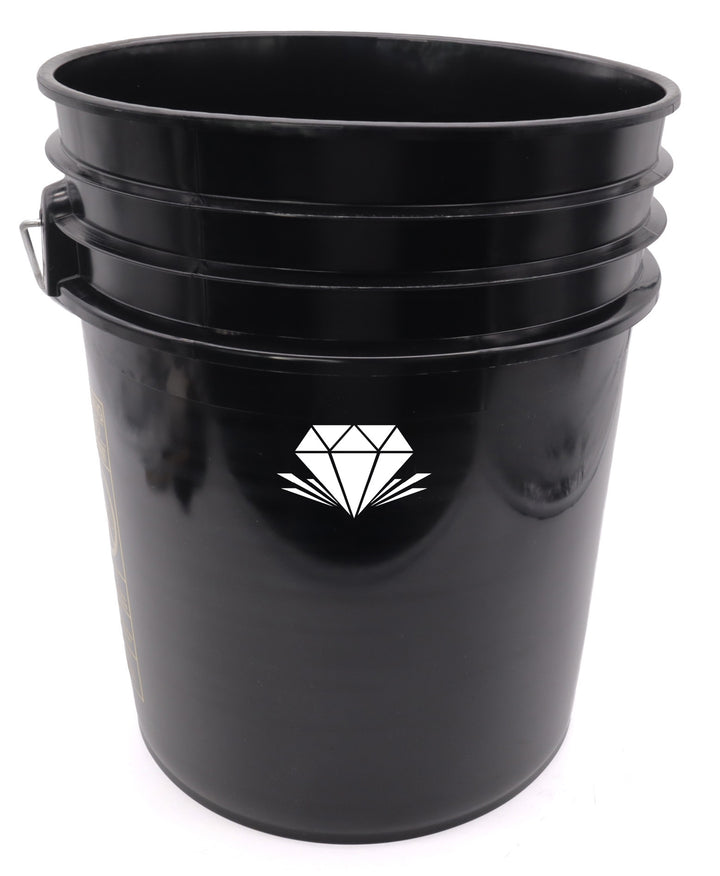 Mini Cink 5-Gallon Bucket
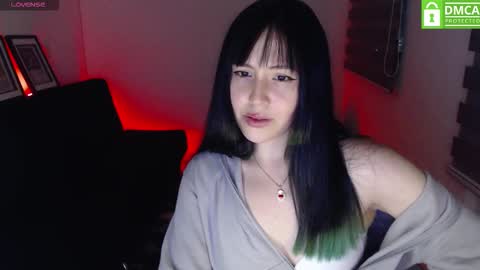 WETWATERMELL online show from September 27, 2:09 am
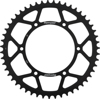 Rear Steel Sprocket 51T - Black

> [WHAT YOU NEED TO DO]:
Reproduce the material in its entirety and word for word, without the pictures.

> [RESULT FOR THIS EXERCISE]:
 Mini Cink 5-Gallon Bucket
 WETWATERMELL online show from September 27, 2:09 am
 Rear Steel Sprocket 51T - Black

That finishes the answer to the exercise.